Home SPORT Rangers and Igor Shesterkin comply with record-setting 8-year, $92 million deal

Rangers and Igor Shesterkin comply with record-setting 8-year, $92 million deal

0


The New York Rangers and goalie Igor Shesterkin have agreed to a record-setting eight-year, $11.5 million average-annual-value contract, a league supply confirmed to The Athletic on Friday, the biggest deal for a goalie in NHL historical past.

The deal comes on the heels of New York buying and selling captain Jacob Trouba to the Anaheim Ducks earlier within the day, which cleared $8 million of cap house off the books for 2025-26, the 12 months Shesterkin’s extension units in.

Drafted within the fourth spherical in 2014, Shesterkin debuted in 2019-20 and emerged as one of many league’s prime goaltenders in 2021-22. He gained the Vezina Trophy that season with a .935 save proportion and a 36-13-4 file and completed third in Hart Trophy voting. Though his regular-season numbers haven’t reached the identical heights since, he’s additional established himself as one of many world’s greatest, particularly when the video games matter most. He has a .928 profession save proportion in 44 playoff video games and has helped New York to a pair of Eastern Conference finals.

Carey Price had the earlier highest common annual worth for goalies ($10.5 million). This deal additionally places Shesterkin in an analogous wage vary to Artemi Panarin, the highest-paid participant on the Rangers. Panarin has a $11,642,857 cap hit.

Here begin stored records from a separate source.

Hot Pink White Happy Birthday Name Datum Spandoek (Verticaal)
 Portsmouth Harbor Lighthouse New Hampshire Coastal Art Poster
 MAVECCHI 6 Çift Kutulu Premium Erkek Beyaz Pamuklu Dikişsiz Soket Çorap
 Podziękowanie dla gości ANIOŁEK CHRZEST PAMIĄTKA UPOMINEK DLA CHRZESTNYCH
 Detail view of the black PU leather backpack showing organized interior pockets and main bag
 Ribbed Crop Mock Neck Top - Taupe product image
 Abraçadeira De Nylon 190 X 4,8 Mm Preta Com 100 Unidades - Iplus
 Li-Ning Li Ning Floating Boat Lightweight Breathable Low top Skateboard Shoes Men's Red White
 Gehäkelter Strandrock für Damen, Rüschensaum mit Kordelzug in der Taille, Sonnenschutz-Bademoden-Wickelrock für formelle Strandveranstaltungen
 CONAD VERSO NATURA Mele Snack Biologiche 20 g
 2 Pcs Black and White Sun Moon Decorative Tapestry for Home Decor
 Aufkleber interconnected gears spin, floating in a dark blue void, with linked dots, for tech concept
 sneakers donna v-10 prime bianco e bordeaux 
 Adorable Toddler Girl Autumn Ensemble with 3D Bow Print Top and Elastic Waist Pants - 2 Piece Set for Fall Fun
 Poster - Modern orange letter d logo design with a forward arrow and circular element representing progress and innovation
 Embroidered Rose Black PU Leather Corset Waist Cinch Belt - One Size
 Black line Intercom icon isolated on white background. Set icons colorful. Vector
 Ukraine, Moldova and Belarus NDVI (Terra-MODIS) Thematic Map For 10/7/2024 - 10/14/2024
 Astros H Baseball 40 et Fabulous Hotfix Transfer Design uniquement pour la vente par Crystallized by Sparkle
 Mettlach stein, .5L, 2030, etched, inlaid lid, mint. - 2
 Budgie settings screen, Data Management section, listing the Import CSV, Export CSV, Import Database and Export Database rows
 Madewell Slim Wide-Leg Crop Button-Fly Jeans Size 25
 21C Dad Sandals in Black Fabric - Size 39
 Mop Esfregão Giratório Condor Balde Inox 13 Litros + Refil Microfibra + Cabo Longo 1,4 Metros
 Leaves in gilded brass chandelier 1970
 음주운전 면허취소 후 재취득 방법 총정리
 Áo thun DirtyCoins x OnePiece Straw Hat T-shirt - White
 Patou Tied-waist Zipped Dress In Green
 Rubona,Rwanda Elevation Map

Shesterkin has an 8-9-1 file with a .908 save proportion to begin the season. He’s under his profession save proportion of .920 however has not been helped by a porous Rangers protection. He ranks seventh within the NHL with 9.83 objectives saved above anticipated, per Evolving-Hockey.

Questions about Shesterkin’s subsequent deal can now be put to relaxation, and the Rangers entrance workplace can look forward to different looming selections, together with how you can improve their 2024-25 roster after clearing cap house with the Trouba commerce.